As well as Thames Water, it highlighted Portsmouth Water, Yorkshire Water, Southern Water and SES Water as its "highest priority for engagement". Scrutiny of the industry intensified this week after reports that ministers are working on a contingency plan to prevent debt-laden Thames Water from going under.
The company is battling to finance the £14billion of debt on its books following interest rate rises. Debt has been growing across the sector, largely because of high inflation on index-linked debt - meaning companies owe more money when economic conditions worsen.
Yorkshire Water, which supplies more than five million households in the region, racked up a net debt pile of £5.6billion in its latest financial year. Its gearing level, which is a measure of a company's financial risk, stood at 72% - higher than the average of 68.5%. A higher level indicates a higher proportion of debt compared with its equity.
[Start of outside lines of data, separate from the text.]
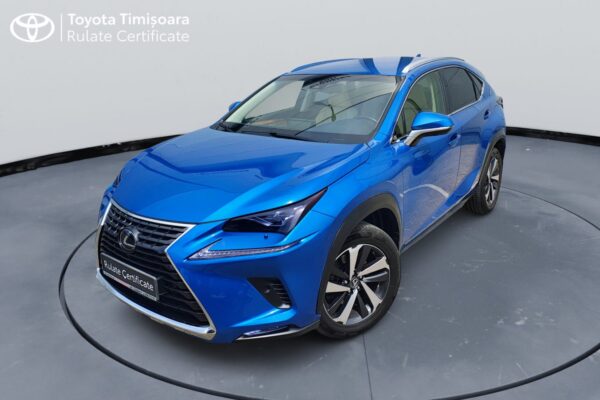Lexus NX 300h AWD Luxury-0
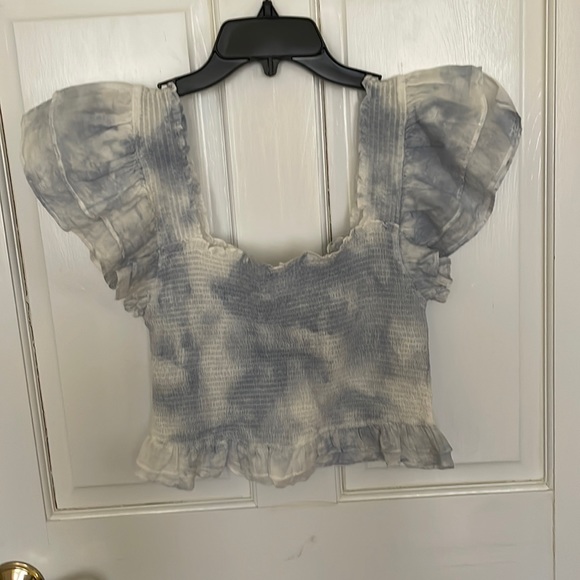 LoveShackFancy-Two piece Abrielle Skirt and Wrennly top - Picture 2 of 4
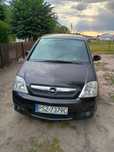Opel Meriva 1.6 16V 2006r. SPRAWNA KLIMATYCACJA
Thames Water's gearing level was more than 80% last year.
Yorkshire Water admitted that its performance standards had fallen short in areas like sewer flooding and unplanned outages, and said it needed to do more to control its cost base. Ofwat said in its December report that it had been working with the supplier to improve its financial resilience, including by reducing its gearing level and undertaking a financial structure review.
Southern Water, which provides wastewater services for regions in Kent, Sussex, Hampshire and the Isle of Wight, and supplies water to 2.6million homes, had a similar net debt pile of £5.2billion last year. In April, the group published a turnaround plan to "rapidly improve performance" before 2025, while it also received a £530million cash injection to support its financial position.
Smaller supplier Portsmouth Water had a gearing level of 73%, while SES Water's stood at 72% last year. Furthermore, some of the firms have low credit ratings, meaning they are considered more at risk of not being able to pay off debt.
Susannah Streeter, head of money and markets for Hargreaves Lansdown, said: "Big questions are now being raised about the potential precariousness of other water firms. Ofwat had been monitoring Southern Water and Yorkshire Water, as well as Thames Water, given its concerns over their financial resilience.
"In its 2022 annual report, it also flagged worries about Northumbrian Water and Portsmouth Water for having fallen far short of expectations when it came to the level of dividends paid given their relative financial resilience. It's no wonder waves of worry are now surrounding more firms who have been caught uptide, as the era of cheap money has been dammed and their debt payments have hurtled upwards."